Roh’s election was notable for the arrival to power of a new generation in Korean politics, the so-called 386 Generation (i.e. people in their 30’s when the word was coined, who had attended university in the 80’s, and who were born in the 60’s). This generation had been veterans of student protests against authoritarian rule, and advocated an assertively nationalist line towards the United States and Japan, and a conciliatory approach towards North Korea. They took up many positions on Roh’s staff.

According to The New York Times, Roh began to gain prominence in the late 1980s when, as a neophyte national lawmaker, he threw his parliamentary nameplate at a military dictator, Chun Doo-Hwan, and publicly berated corrupt but powerful business tycoons, including Chung Ju-Yung, the founder of the Hyundai conglomerate and a mentor of the encumbent President Lee, who is a former Hyundai executive.

Despite high initial hopes, however, Roh’s administration quickly became dogged by allegations of incompetence, while Roh’s frequent indulgence in personal clashes with his opponents and critics eroded public support. Conflict would continue throughout his presidency, which was characterised by continuous labour unrest, personal feuds with the media, and diplomatic friction with the US and Japan. Many of Roh’s seemingly reckless political campaigns, including a plan to move the capital, and a plan to form a coalition with the opposition, also fizzled.

A left-wing politician who believed in engaging and reconciling with North Korea, Roh continued his predecessor’s “sunshine policy” toward North Korea, which was abandoned by the incumbent.

Born into a family too poor to send him to university, Roh educated himself and passed the bar exam without having attended law school. In a society where a social status is often determined by a college diploma, his success was admired when he was popular but ridiculed when he was accused of bungling the economy in his later years in office.

Even in retirement, Roh has had both supporters and detractors galore. Each day, bus loads of supporters and tourists have visited his retirement village, turning him into something South Korea has never seen before: a former president as tourist attraction.

One year and two months after leaving office, Roh became the centre of a bribery scandal. This scandal, the collapse of the “Pro-Roh faction” of politicians, the collapse of the Uri Party and the defeat of its successor, Democratic Party, in the National Assembly, and the defeat of Roh’s designated successor in the presidential elections, marked a decline in the fortunes of the 386th Generation that had brought Roh to power.

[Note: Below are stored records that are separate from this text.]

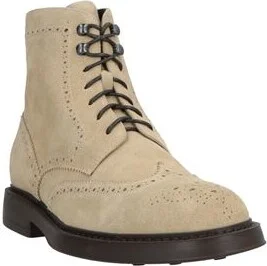 Doucal's Man Ankle boots - Image 2
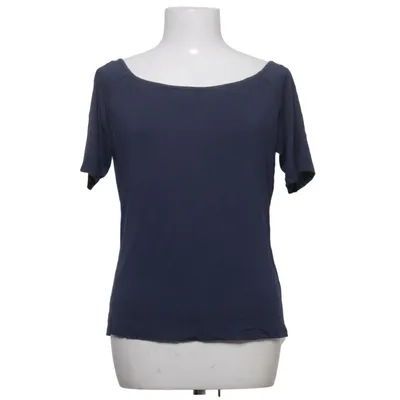 Top (Blauw) van Orsay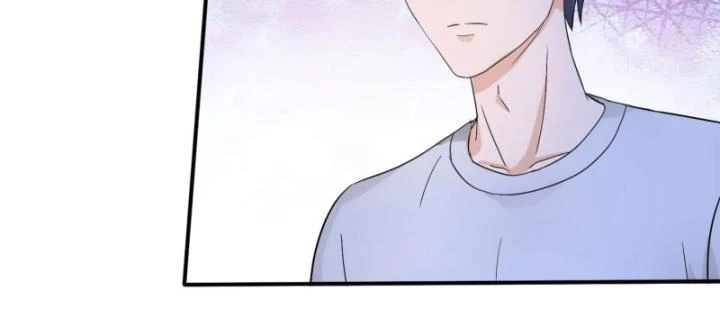 Tiên Tôn Trùng Sinh Đi Ở Rễ Này Có Chút Kiêu Ngạo Chapter 2 - 5
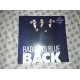 Винил Bad Boys Blue 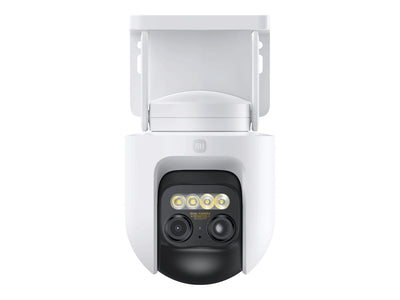 Xiaomi Outdoor Camera CW700S oq xavfsizlik kamerasi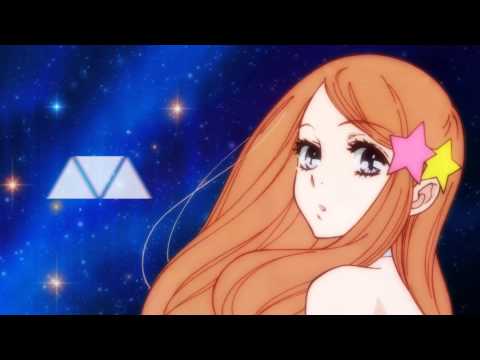Capsule - I Wish You (Cosmonaut Grechko Bootleg)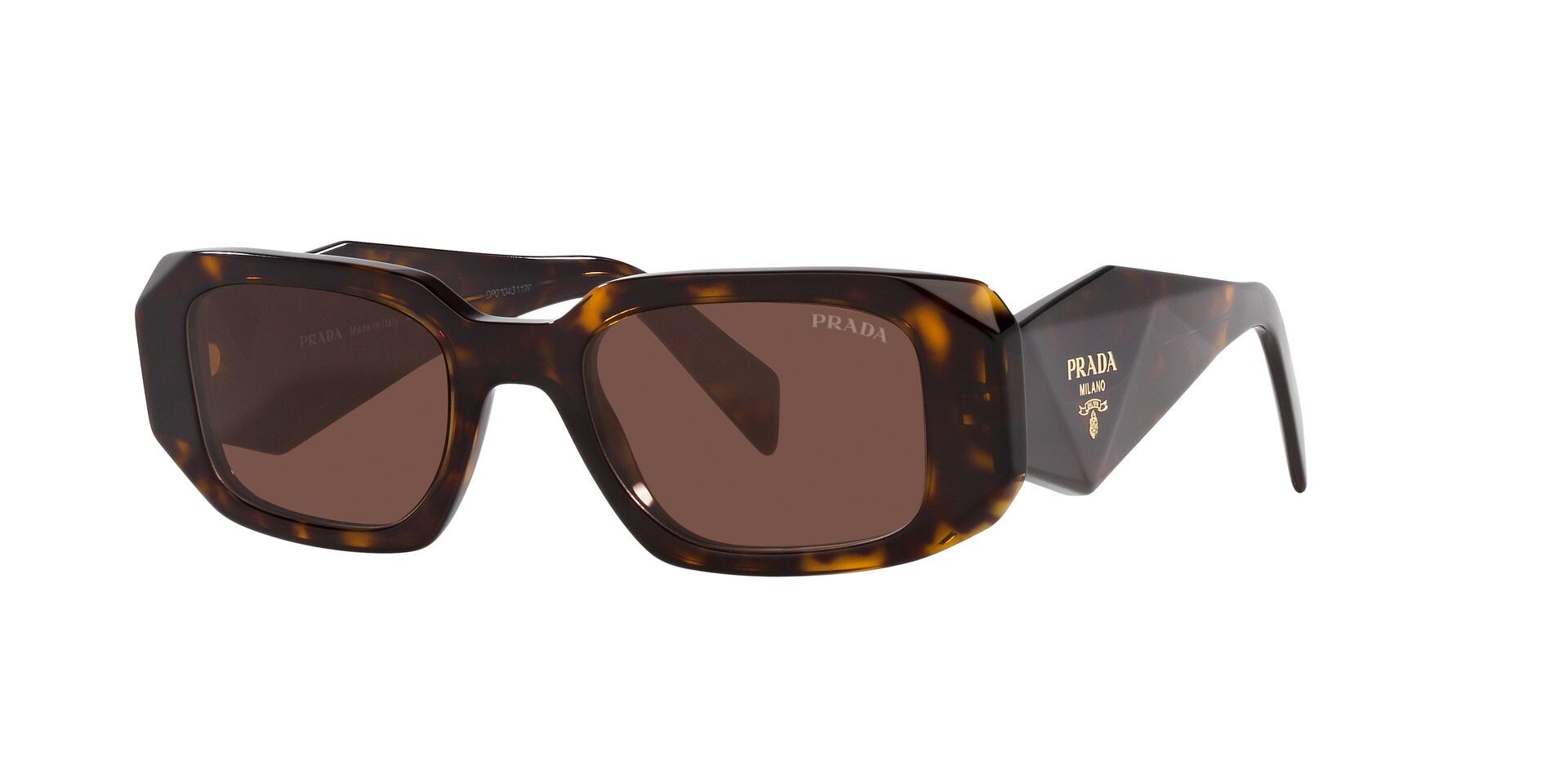 Prada SPR17W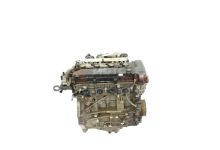 Motor b418 Volvo V50 II 1.8 F (125 cv) 2012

Though criticised as standoffish and confrontational by some, he was praised by others as a candid leader who cared for the underprivileged and fought against corruption. Roh was the first South Korean president with an Internet fan club.

Meanwhile the country’s Justice Minister, Kim Kyung-Han, said in a statement that he was “aware that the investigation on former President Roh will come to a close”, Yonhap reported yesterday.